Winnie wisely decided to ignore the insane Russian Blue. "Well anyway, it's about another mile in this dire—"

"WINNIE!"

Without warning, a tiny dog had leapt upon Winnie with such force that the big dog had fallen to the ground. Winnie angrily tried to push the tiny dog, now jumping around her and on her like a little kid at a candy store, away. The tiny dog was much too fast, however.

"Clay!" cried Winnie. "We're on a mission!"

Garfield snorted. "Clay?" That was the last name that popped to mind as he looked at the tiny, fluffy dog.

"A mission?" cried Clay, sounding like a five-year-old who was just told he was going to the zoo. "Ooh, I wanna come!

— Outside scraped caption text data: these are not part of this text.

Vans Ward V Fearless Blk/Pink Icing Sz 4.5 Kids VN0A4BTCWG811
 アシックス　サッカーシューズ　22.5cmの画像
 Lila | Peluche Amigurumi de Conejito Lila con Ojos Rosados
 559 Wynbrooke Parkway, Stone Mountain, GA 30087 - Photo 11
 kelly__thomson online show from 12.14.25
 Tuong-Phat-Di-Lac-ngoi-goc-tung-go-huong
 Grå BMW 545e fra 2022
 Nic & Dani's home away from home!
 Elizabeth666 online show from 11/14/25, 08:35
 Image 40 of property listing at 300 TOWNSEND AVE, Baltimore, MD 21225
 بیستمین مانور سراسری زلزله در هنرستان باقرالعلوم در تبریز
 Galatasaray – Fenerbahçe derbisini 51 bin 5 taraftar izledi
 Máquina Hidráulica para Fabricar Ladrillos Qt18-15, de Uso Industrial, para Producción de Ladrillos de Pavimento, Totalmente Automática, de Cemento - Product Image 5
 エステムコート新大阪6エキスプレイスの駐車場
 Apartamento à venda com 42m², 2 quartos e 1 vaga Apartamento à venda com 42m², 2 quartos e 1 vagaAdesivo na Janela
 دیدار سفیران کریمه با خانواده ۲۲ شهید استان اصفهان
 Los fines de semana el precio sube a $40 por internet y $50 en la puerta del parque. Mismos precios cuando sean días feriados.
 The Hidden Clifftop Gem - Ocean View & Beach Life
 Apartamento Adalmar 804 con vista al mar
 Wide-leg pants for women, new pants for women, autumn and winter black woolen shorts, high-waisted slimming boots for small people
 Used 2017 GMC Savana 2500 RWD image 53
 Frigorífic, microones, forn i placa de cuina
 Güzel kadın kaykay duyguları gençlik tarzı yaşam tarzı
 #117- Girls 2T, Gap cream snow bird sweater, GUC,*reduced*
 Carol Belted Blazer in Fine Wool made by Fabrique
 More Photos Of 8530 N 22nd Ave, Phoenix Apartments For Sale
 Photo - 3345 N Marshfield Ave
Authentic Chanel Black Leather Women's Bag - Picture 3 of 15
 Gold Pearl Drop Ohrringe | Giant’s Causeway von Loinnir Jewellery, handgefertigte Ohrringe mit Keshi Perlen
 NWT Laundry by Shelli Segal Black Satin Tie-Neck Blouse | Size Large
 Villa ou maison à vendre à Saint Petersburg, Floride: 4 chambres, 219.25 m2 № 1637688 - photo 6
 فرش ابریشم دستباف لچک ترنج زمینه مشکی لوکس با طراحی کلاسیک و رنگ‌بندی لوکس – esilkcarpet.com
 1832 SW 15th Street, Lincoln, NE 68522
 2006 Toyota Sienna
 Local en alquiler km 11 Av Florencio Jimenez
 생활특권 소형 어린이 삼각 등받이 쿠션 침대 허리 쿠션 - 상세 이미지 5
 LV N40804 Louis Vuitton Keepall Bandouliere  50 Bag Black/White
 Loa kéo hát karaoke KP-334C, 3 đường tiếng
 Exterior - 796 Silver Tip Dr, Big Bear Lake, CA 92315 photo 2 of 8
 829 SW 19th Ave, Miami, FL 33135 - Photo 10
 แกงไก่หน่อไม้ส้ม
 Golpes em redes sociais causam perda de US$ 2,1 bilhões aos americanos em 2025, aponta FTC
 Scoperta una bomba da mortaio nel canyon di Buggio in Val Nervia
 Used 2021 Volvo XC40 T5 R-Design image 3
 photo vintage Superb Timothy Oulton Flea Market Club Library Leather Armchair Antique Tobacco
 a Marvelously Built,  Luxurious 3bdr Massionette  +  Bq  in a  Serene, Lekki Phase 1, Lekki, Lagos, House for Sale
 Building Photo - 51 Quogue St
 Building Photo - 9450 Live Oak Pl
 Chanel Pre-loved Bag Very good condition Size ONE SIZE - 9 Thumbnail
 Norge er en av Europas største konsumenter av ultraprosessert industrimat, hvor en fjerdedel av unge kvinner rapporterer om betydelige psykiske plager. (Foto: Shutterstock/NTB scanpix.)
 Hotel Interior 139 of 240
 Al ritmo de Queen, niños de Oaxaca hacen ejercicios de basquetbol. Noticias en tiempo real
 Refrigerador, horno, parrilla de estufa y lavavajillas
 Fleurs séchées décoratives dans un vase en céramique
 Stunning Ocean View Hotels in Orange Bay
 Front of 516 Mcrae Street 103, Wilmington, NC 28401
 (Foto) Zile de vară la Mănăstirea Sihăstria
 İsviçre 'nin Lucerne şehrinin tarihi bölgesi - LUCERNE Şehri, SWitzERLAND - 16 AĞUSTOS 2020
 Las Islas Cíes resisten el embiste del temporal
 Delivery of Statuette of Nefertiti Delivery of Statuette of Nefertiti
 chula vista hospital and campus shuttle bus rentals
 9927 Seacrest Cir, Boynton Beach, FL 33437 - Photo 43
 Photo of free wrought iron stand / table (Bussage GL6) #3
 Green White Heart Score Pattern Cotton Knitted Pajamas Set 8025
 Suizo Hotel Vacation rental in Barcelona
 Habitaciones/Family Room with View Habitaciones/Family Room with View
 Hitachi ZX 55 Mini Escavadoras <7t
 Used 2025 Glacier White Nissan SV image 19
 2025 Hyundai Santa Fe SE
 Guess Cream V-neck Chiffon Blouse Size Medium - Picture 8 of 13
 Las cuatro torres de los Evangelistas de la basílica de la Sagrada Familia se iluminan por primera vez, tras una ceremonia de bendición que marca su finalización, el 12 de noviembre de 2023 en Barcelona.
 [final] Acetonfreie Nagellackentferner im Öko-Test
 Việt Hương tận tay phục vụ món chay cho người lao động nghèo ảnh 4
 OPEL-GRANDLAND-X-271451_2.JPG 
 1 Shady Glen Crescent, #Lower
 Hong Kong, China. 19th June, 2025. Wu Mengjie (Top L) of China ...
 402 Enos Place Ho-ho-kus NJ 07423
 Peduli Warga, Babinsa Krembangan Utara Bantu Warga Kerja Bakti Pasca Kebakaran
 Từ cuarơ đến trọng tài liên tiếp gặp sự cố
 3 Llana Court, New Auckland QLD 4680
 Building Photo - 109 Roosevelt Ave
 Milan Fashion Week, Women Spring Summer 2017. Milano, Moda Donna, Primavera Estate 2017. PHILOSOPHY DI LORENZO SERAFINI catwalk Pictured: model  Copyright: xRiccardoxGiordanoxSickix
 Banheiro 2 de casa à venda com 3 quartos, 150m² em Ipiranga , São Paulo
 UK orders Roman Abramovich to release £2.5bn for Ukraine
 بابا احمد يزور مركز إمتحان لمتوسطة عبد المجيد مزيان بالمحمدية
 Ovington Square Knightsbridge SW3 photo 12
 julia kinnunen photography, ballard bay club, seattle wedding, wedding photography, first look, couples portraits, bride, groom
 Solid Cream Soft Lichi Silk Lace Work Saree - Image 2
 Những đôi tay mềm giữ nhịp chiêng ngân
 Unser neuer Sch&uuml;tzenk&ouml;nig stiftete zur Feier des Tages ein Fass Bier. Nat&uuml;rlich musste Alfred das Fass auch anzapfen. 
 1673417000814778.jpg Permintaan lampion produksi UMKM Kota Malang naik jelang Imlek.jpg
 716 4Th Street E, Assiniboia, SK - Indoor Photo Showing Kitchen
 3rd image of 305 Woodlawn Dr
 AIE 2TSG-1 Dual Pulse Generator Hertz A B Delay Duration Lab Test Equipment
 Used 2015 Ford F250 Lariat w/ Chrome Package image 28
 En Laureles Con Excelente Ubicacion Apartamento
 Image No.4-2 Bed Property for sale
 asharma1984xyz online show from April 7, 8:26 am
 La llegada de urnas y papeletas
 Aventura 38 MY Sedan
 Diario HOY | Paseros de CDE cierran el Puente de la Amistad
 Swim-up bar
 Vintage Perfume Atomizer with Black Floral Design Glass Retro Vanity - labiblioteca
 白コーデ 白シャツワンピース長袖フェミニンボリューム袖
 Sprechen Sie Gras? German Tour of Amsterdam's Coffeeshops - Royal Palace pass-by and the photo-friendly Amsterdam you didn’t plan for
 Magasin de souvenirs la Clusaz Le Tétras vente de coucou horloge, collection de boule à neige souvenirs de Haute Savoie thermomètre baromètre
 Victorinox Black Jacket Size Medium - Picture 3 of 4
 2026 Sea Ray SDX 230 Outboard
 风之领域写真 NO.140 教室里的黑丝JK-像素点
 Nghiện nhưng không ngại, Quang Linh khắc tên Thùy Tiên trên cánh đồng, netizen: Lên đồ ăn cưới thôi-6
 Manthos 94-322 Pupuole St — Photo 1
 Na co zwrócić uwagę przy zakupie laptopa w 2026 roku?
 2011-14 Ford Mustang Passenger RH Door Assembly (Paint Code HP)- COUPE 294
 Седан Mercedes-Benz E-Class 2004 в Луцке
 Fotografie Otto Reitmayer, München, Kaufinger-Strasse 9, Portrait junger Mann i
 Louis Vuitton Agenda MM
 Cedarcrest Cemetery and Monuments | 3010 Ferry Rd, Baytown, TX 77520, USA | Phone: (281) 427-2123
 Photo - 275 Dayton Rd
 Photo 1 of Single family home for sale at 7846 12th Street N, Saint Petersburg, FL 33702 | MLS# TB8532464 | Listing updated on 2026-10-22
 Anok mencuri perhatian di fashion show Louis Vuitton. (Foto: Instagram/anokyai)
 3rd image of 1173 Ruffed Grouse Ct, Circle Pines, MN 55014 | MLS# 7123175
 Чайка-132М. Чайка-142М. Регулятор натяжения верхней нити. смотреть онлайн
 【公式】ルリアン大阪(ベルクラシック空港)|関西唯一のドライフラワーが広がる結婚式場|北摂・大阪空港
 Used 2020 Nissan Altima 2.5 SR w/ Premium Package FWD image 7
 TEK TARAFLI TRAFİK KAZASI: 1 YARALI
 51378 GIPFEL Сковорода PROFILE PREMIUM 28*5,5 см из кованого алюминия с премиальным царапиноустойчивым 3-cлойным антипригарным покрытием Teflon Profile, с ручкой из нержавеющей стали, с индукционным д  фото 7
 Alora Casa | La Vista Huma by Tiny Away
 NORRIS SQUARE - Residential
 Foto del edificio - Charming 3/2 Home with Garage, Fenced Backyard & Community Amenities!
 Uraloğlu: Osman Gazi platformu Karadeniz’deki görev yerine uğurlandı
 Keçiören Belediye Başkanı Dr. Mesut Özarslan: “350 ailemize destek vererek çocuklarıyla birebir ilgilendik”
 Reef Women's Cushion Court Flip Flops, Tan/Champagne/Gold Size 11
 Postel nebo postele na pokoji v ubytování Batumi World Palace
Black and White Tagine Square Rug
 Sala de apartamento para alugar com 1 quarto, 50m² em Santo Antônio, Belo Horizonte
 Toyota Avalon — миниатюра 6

It'd be better than hanging around Gizmo all day."

Odie gave Winnie a huge grin. "I take it you know this little Shih Tzu?"

"Watch your language!" snapped Garfield.

"Hey, that's the name of the breed!" cried Odie. "Shih. Tzu."

"Speaking of Gizmo, has he been neutered yet?" asked Winnie.

Clay rolled his eyes. "No, I'm sorry to say..."

"What's wrong with not being neutered?" snapped Garfield, Odie, and Schwartzkoff simultaneously.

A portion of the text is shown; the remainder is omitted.